On Wednesday, the TREND of the market got into sync.
Allow me to explain.
In the first half of the day, the NAZ was deep crimson and the SPX slightly red while the DJIA was up around 200 points. IWM was slightly positive.
After the Fed minutes hit, everything accelerated to the downside with the DJIA leaving a Key Reversal Day from an ATH.
Tuesday was the tipoff to Wednesday’s massacre. The FOF front run trade — Friends of the Fed in the loop.
Be that as it may, apparently the market was surprised that the Fed is serious about raising rates.

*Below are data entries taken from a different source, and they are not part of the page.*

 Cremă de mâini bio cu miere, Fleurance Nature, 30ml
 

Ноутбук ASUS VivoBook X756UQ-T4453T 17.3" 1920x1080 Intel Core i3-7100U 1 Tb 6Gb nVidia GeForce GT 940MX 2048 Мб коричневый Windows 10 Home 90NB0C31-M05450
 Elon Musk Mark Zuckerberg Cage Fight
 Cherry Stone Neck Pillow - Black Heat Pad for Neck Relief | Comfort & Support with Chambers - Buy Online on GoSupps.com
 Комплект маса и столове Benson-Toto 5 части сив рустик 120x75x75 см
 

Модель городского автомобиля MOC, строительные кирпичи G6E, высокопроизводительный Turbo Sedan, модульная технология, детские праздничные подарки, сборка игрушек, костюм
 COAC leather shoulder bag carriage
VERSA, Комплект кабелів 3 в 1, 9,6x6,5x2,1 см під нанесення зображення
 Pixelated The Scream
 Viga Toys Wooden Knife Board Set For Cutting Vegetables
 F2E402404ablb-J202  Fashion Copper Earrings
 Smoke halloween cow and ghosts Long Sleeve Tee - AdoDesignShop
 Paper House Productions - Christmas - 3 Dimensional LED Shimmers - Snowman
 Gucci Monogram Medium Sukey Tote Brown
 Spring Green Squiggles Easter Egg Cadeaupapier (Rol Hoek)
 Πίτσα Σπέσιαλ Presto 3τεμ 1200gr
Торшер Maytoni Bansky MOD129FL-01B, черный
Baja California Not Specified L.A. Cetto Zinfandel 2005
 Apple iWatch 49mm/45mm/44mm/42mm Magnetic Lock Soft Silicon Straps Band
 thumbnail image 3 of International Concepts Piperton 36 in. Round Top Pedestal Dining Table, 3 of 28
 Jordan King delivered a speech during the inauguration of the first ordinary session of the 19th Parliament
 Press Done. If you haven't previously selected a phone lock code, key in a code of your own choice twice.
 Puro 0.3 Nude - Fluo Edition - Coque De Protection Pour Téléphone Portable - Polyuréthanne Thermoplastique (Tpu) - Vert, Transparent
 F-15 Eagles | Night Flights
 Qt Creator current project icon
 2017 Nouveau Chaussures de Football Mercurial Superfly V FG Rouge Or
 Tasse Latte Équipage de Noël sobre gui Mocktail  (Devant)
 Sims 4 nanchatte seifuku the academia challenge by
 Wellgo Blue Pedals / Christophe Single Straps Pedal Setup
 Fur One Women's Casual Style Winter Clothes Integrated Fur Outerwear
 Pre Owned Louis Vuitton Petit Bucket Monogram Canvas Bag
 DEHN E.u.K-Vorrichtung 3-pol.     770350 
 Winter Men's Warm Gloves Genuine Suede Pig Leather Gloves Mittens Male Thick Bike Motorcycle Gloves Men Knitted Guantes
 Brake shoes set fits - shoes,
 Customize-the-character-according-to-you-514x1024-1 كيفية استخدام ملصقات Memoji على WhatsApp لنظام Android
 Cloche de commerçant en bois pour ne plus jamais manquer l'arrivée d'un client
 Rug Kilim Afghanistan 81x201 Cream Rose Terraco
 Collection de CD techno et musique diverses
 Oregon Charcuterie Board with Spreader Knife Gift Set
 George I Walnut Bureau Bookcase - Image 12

As we offered in a report recently, Whatever Happened to Don't Fight the Fed, the Fed warned about excess speculation several times throughout 1929. When the market didn’t listen, the Fed hiked rates.
The likelihood is that when the market finally dropped, they were not going to consider loosening for fear of starting another bubble.
With buy the dip the mantra for the last 13 years — perpetuated by Fed largesse — and Powell in his legacy second term, I don’t think we’re going to see a Powell Pivot unless and until the market is meaningfully lower.
The Fed is afraid of the market again (as in 1929) and the market — as shown yesterday — is afraid of the Fed.
The Technicals: if the SPX ends the week at/near or below current levels, we’ll have a Key Reversal on the weeklies.
Down 93 points on the session, the SPX came to rest on the key 4700 line.
4700-4710 is the triple top breakout pivot, below which mirrors the false Rule of 4 Breakout on IWM in early November.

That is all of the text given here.